ONCE again Europe has been wracked by terrorist attacks. Over the last few days three acts of bloodshed have occurred. In Berlin a lorry ploughed into a popular marketplace, killing 12 people, while in the Turkish capital, Ankara, the Russian ambassador was gunned down,as were three men in an Islamic Centre in Zurich.
In the past 13 months, Europe has become a crucible of terrorist activity. According to counterterrorism officials, if there is any solace to be gleaned in this grim scenario, it is that the European security services upped their game following the deadly Paris attacks of November last year. This may well be so, but the fact remains that Europe is only as strong as its weakest security system or database when faced with such a transnational threat.
Islamic State (IS), al-Qaeda or other organisations don’t make any distinction between countries in or out of Schengen or the EU. For precisely that reason most experts admit there is still much to be done in strengthening existing EU agencies.
The latest attack in Berlin is precisely the kind of strike IS has been urging its followers to carry out. The killing of the Russian ambassador in Turkey, on the other hand, illustrates another side of the complex labyrinth of terrorism, territorial dispute, rebellion and sectarianism that is consuming the Middle East and spreading its consequences into Europe.

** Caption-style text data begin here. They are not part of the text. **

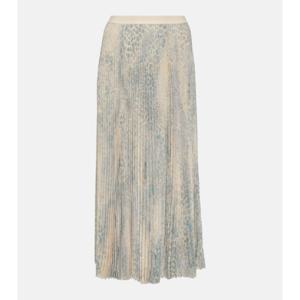 발렌시아가 레오파드 프린트 플리츠 미디 스커트 P00889745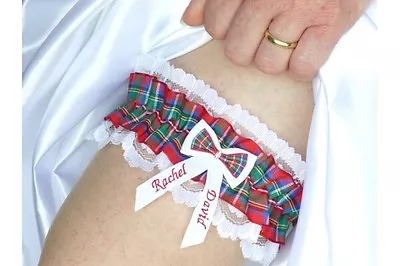 Personalised Tartan Wedding Garter In Personalised Gift Box - Royal Stewart • £15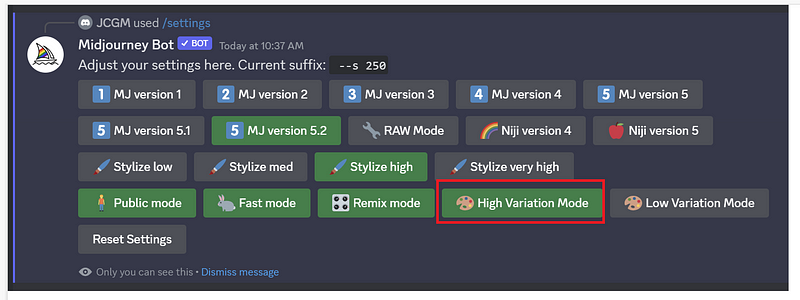 MidJourney Bot settings interface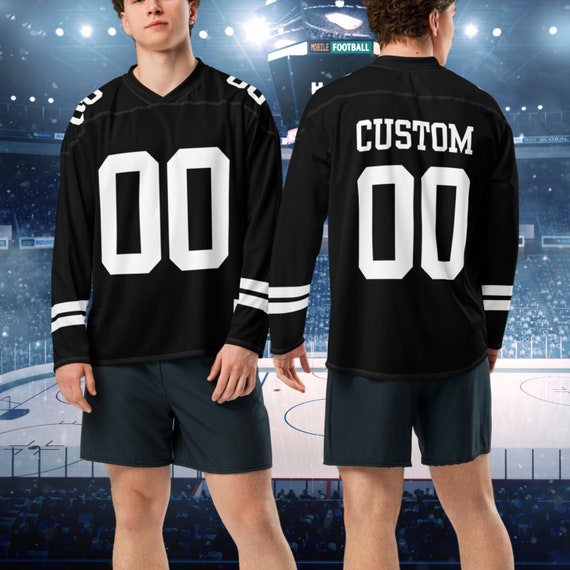 Customizable Long Sleeve Hockey Jersey with Team Name, Number & Logo, Multiple Colors, 100% Recycled Polyester, Moisture-Wicking, UPF50+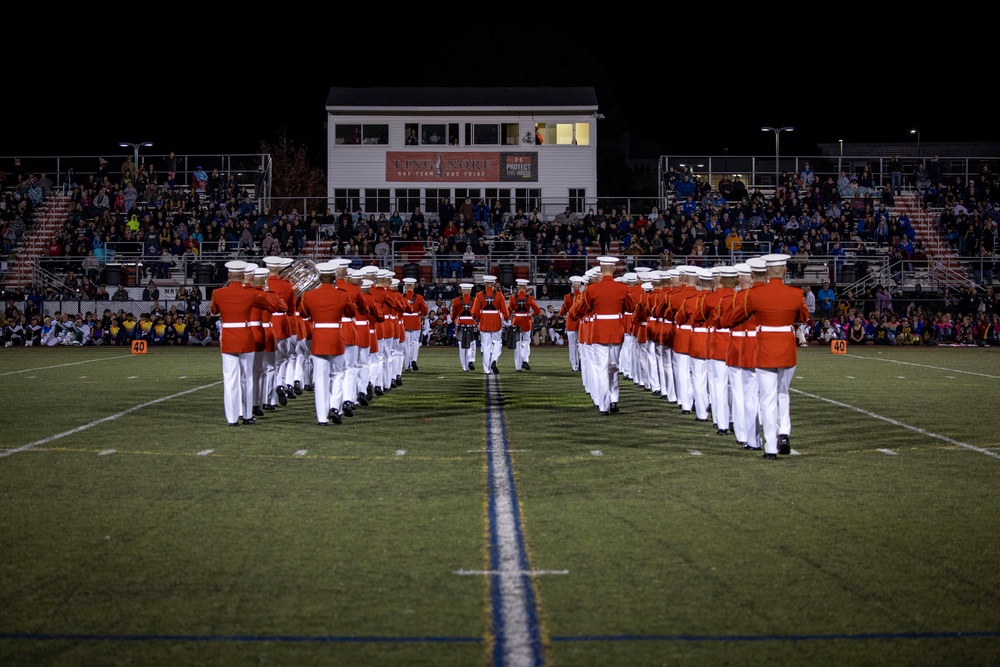 “The Commandant’s Own,” U.S. Marine Drum and Bugle Corps, showcased their skillset in front of thousands of enthusiastic supporters at Linganore High School Marching Band Competition.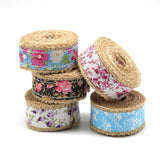 1 Bag Burlap Ribbon, Hessian Ribbon, Jute Ribbon, with Cotton Ribbon, for Jewelry Making, Pink, 2 inch(50mm), about 2.187yards/roll(2m/roll), 12rolls/bag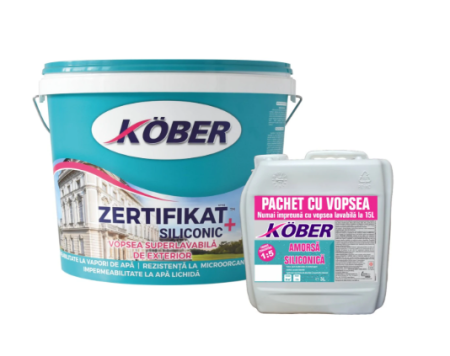 Vopsele pentru exterior - Vopsea superlavabila siliconica de exterior, Kober Zertifikat+ Siliconic, alb, 15 L + amorsa pentru vopsele siliconice, 3 L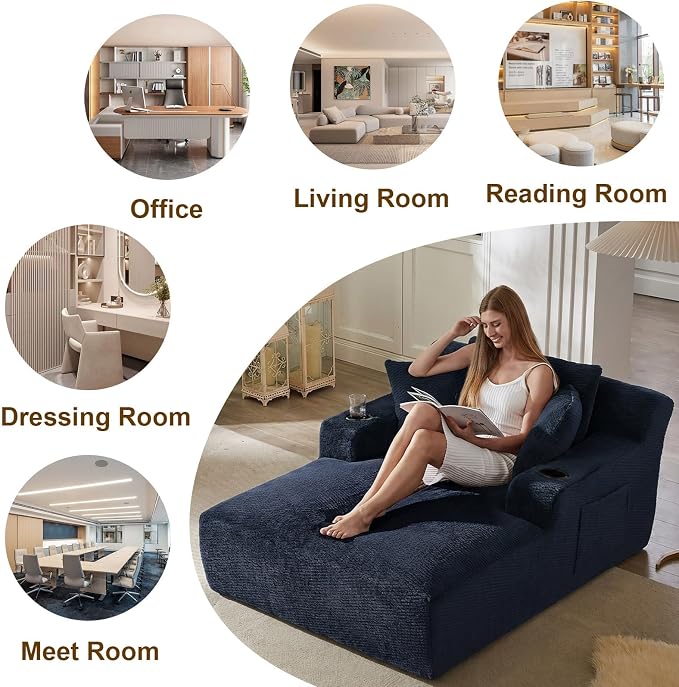 Oversized Chaise Lounge Chair Indoor, Upholstered Boneless Cloud Couch Chair - Image 8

Both incidents give some idea of the vast range and multi-layered set of challenges counterterrorism agencies face. In particular the nexus between IS and Europe grows closer. For some time now – since the start of the current military operation to retake the Iraqi city of Mosul that serves as the de facto capital for IS – there have been fears that the jihadists will shift tactics, concentrating on attacking Europe rather than holding the dwindling territory of their self-proclaimed caliphate. While there is no way of telling at this stage whether the attack in Berlin is the first sign of this, counterterrorism officials are bracing themselves for a substantial rise in the threat level emanating from Syria and Iraq.
The enormous flow of people escaping these conflicts from the Middle East to Europe only adds to their problems. While it goes without saying that most refugees are law-abiding people who are fleeing violence, extremism and terrorism, IS has clearly exploited and infiltrated their numbers. At the same time, this vast, uprooted population provides plenty of alienated and disconnected people, some of whom can be recruited by pro-terror propaganda.
Given all of this, the European Commission should be supported in its proposals to squeeze the space in which terrorists can operate. Cutting off terrorist sources of funding and weapons supplies, while at the same time tackling online propaganda and radicalisation, are all crucial in this strategy.
Above all else though, the root source of the problem, the conflicts in the Middle East, need to be resolved. It is from these open wounds that the germ of terrorism primarily emanates. Curing these ills, of course, poses an altogether different kind of political challenge.